By George Orido
KENYA:The prevalence of HIV and Aids rose in Nyanza and Central provinces, according to the Kenya Aids Indicative Survey released by the Health Cabinet Secretary James Macharia on Tuesday.
But Central’s 3.8 per cent prevalence increase from the previous 3.6 per cent is a mere fraction of Nyanza’s 15.1 per cent up from 2007’s 14.9 per cent.
Nyanza’s prevalence is big enough to double the national average prevalence.
And it has happened in spite of an aggressive campaign to have male circumcision as a strategy to reduce new infections in the region.
According to the KAIS 2012 survey, male circumcision among men aged 15-64 years in Nyanza increased by 18 per cent.
According to Macharia, this represents a new 600,000 males from Nyanza joining the community of the circumcised.
“Circumcision was a taboo in this part of the country then, but today it’s the norm,” said Macharia, who claimed this development has helped reduce new infections.
But his remarks are a contrast to what the statistics show.

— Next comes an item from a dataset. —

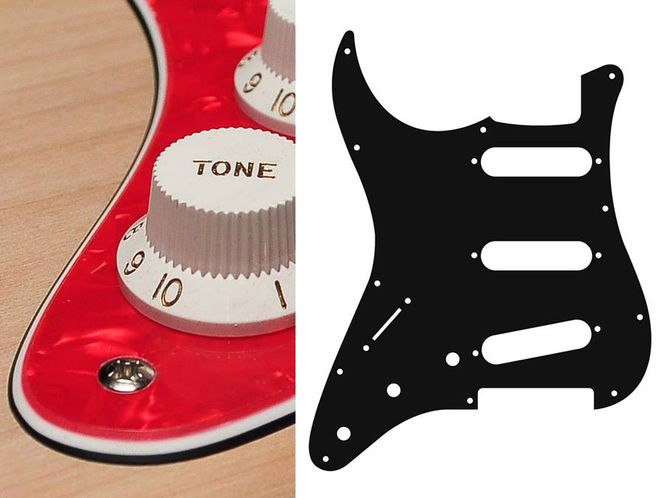 Hovedbilde Boston SL-313 Pickguard Strat - Pearl Cream ...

Research has shown that circumcision could only reduce up to 60 per cent of potential HIV risk.
But confidence by most circumcised men who believe they cannot be infected by HIV was and remains a worrisome trend in the community.

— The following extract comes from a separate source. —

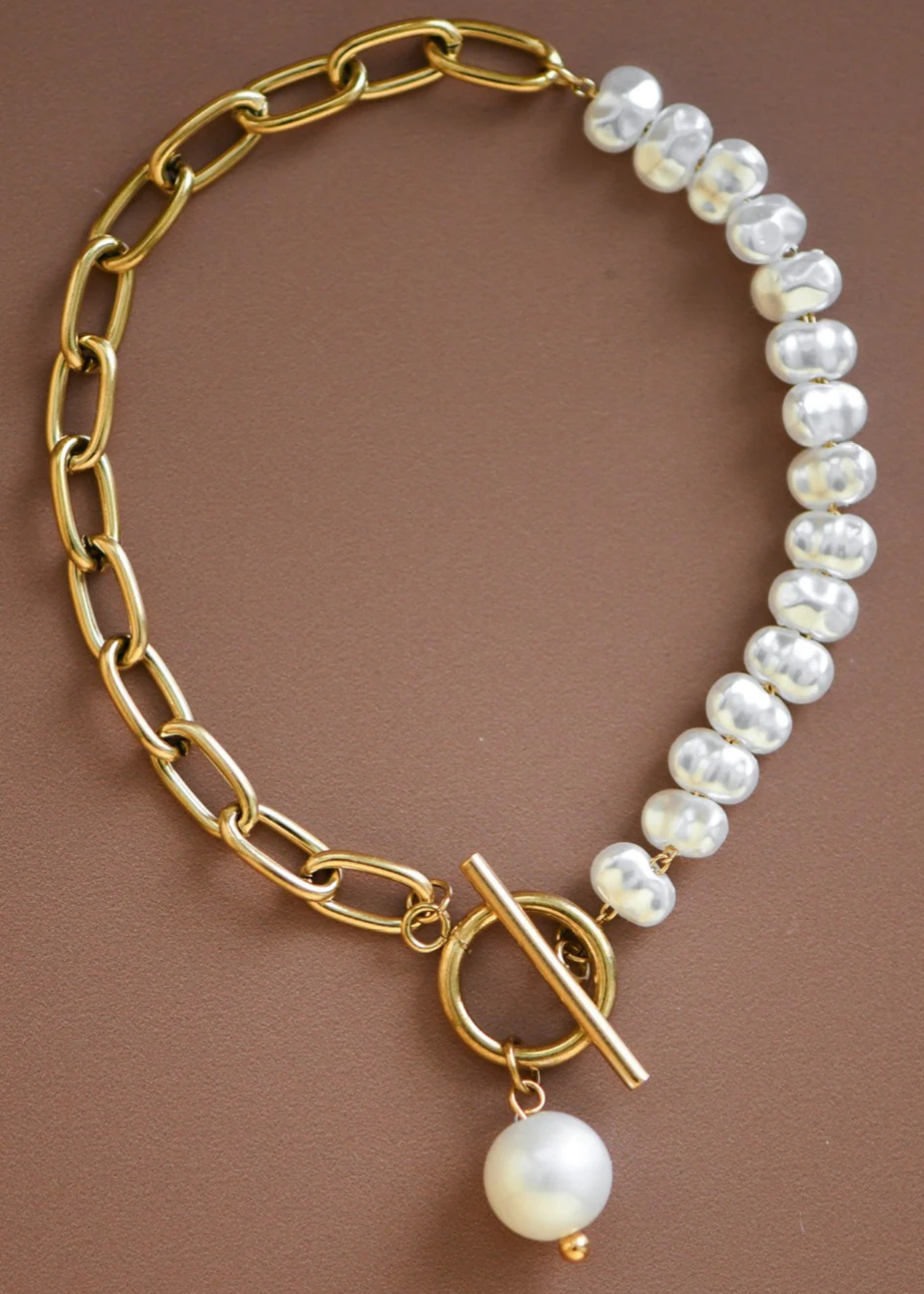 Tiana 18K Pearl Bracelet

A research paper appearing in the Intact America Journal suggested that this worry is shared globally, including in Malawi, that has outlawed the practice.
According to Ruth Achieng, a 22-year-old accounts student in Kisumu, many of her “peers today prefer circumcised men because they are perceived to be safe and HIV-free.”

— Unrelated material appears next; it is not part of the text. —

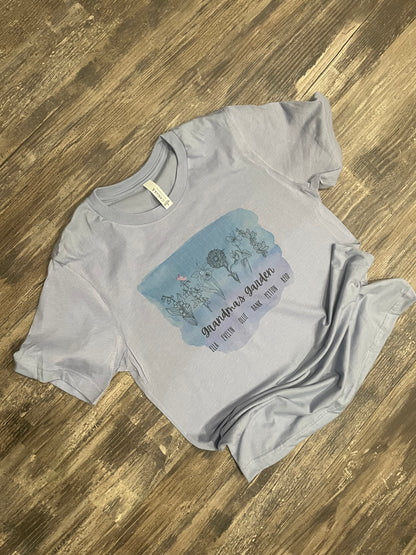 Grandma’s Garden Custom Teeshirt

As a result, the tendency not to use a condom during sexual intercourse is high.
But the Voluntary Medical Male Circumcision Programme Manager at the National Aids Control Council, Dr Athanasius Ochieng’, is quick to allay the fears.
“The 2001 and 2013 figures are statistically the same and is proof that male circumcision has actually stabilised prevalence by preventing new infections,” says Dr Ochieng.
He notes that a research conducted in Kisumu County three years ago showed that circumcised males had less exposure to risky behaviour.